A. The Client has requested products or services to be supplied by the Investigator.

B. The Investigator agrees to supply products or services to the Client, subject to the Client’s acceptance of the terms and conditions set out in this Agreement.

C. Unless assigned to another appropriately licensed individual or organisation, investigation services are offered and provided under Vic License Number.



Unless contrary intention appears from the context, in this Agreement:
1.1. “Agreement” refers to this document, together with any Schedules, annexures or amendments made in accordance with this Agreement;
1.2. “Confidential Information” refers to information that:
1.2.1. is, by its nature confidential;
1.2.2. is designated as confidential by the Client or the Investigator; or
1.2.3. the Client or the Investigator knows or ought to know is confidential;
1.2.4. and includes, without limitation, the terms of this Agreement and all information about the Client, the Investigator, their respective employees, agents, property, policies and operations which is made available or which becomes known during the term of this Agreement or as a result of executing this Agreement. Instances where information is not covered or referred to as “Confidential” include; where such information was in the public domain at the time of its disclosure; or became part of the public domain after its provision by the Investigator or its creation by the Investigator under this Agreement, otherwise than through a disclosure by the Investigator or party to whom that information has been disclosed.
1.3. “Services” refers to all services to be undertaken by the Investigator under this Agreement, including those listed verbally, in writing or though any other transmission between the Investigator and the Client, and are subject to any amendment as agreed between the Parties in writing;
1.4. “Products” refers to any tangible item sold through the Investigator, produced or distributed in-house or by another third party.
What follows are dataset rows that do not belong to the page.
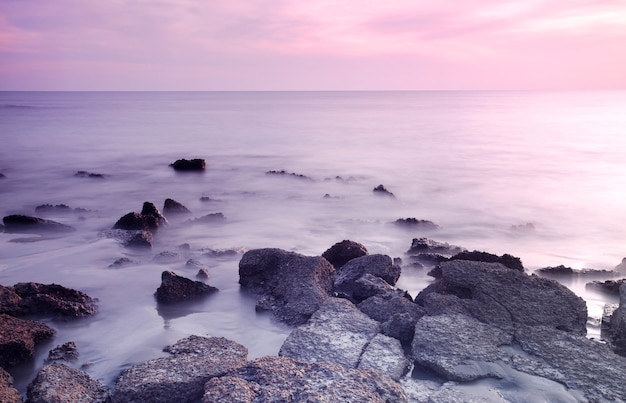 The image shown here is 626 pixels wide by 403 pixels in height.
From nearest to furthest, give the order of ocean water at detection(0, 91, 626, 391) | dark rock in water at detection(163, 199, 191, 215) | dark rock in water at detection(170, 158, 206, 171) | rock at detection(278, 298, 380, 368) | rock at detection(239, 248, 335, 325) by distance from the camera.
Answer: rock at detection(278, 298, 380, 368) < rock at detection(239, 248, 335, 325) < ocean water at detection(0, 91, 626, 391) < dark rock in water at detection(163, 199, 191, 215) < dark rock in water at detection(170, 158, 206, 171)

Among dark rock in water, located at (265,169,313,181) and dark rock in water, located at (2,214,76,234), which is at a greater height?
dark rock in water, located at (265,169,313,181)

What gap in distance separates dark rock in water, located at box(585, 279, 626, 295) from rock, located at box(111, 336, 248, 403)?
438cm

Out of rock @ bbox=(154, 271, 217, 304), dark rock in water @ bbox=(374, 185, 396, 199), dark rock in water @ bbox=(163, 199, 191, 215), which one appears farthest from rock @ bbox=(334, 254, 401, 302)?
dark rock in water @ bbox=(374, 185, 396, 199)

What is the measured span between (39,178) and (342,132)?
21.4 meters

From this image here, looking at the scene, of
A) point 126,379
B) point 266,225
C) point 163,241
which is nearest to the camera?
point 126,379

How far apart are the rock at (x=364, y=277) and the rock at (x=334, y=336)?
576mm

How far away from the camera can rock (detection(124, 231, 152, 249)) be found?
7773 mm

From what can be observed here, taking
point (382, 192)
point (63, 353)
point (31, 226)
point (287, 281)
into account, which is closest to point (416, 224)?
point (382, 192)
Where products are sold, each is sold under the respective terms of the original producer and/or distributor and the Investigator is not liable for any failure, damages or loss of revenue as a direct result of the product(s) in question;
1.5. “Parties” refers to the parties to this Agreement and their respective successors and permitted delegates. “Party” refers to any one of them;
1.6. “Standard Terms” refers to the terms presented in this document, together with those outlined in associated Schedules and any amendments made in accordance with the Deemed Acceptance clause of this Agreement;
1.7. “Term” refers to the date and duration of the Service(s) specified verbally, in writing or through other transmission in regard to the Service(s) supplied by the Investigator;
1.8. “Expenses” refers to debts and costs incurred, payments, purchases and fees paid and monies spent by the Investigator, or where credits in a cashless system are expended in their equivalent cash value, in order to provide products or services;
1.9. “Fee” refers to the amount, in Australian currency and/or the method of calculating that amount, specified verbally, in writing or through other transmission in regard to the Service(s) supplied by the Investigator to the Client.
1.10. “Start Date” refers to the date on which the last Party signs this Agreement;
1.11. “Retainer” refers to any monies paid in advance of the full provision of the Services
1.12. “Half-day” refers to a maximum period of 6 hours and a minimum of 4;
1.13. “Hour” includes part thereof;
1.14. “Remainder” refers to any monies remaining from the Retainer after it having been set against the Fee, the Expenses and any other monies owed to the Investigator, including amounts payable as a result of a breach of this Agreement by the Client;
1.15. “Timetable” refers to the timetable for the undertaking of the Services as set out verbally, in writing or through transmission in reference to the Service(s) or as otherwise agreed by the Parties in writing;
1.16. In this Agreement, the following rules apply, except where the context stipulates otherwise:
1.16.1. the singular includes the plural and, conversely;
1.16.2. if a word or phrase is defined, its other grammatical forms have a corresponding meaning;
1.16.3. a reference to a “clause,” “paragraph,” “schedule” or “annexure” is a reference to a clause, paragraph of or schedule or annexure to this Agreement, and a reference to this Agreement includes any schedule or annexure;
1.16.4. a reference to a “document” or “instrument” includes the document or instrument as novated, altered, supplemented or replaced;
1.16.5. a reference to “writing” includes facsimile transmissions as well as any means of reproducing words in a tangible and permanently visible form;
1.16.6. a reference to “monies,” “dollars” or “$” is in reference to Australian currency, unless otherwise specified;
1.16.7. a reference to “time” is to Melbourne, Victoria, Australia time, unless otherwise specified;
1.16.8. a reference to “the Contractor” includes, where the context so admits, its employees, agents and authorised sub-contractors;
1.16.9. a reference to a “person” includes a natural person, partnership, body corporate, association, governmental or local authority or agency or other entity;
1.16.10. a reference to a “statute,” “ordinance,” “code” or other law includes regulations and other instruments under it and consolidations, amendments, re-enactments or replacements of any of them;
1.16.11. the meaning of general words is not limited by specific examples;
1.16.12. any agreement, representation warranty or indemnity by two or more parties (including where two or more persons are included in the same defined terms) binds them jointly and respectively;
1.16.13. any agreement, representation, warranty or indemnity in favour of two or more parties (including where tow or more persons are included in the same defined term) is for the benefit of them jointly and respectively; and
1.16.14. if a day on or by which an obligation must be undertaken or an event must occur is not a Business Day, the obligation must be undertaken or the event must occur on or by the next Business Day; and
1.16.15. headings and paragraph numbering are for ease of reference only and do not affect interpretation.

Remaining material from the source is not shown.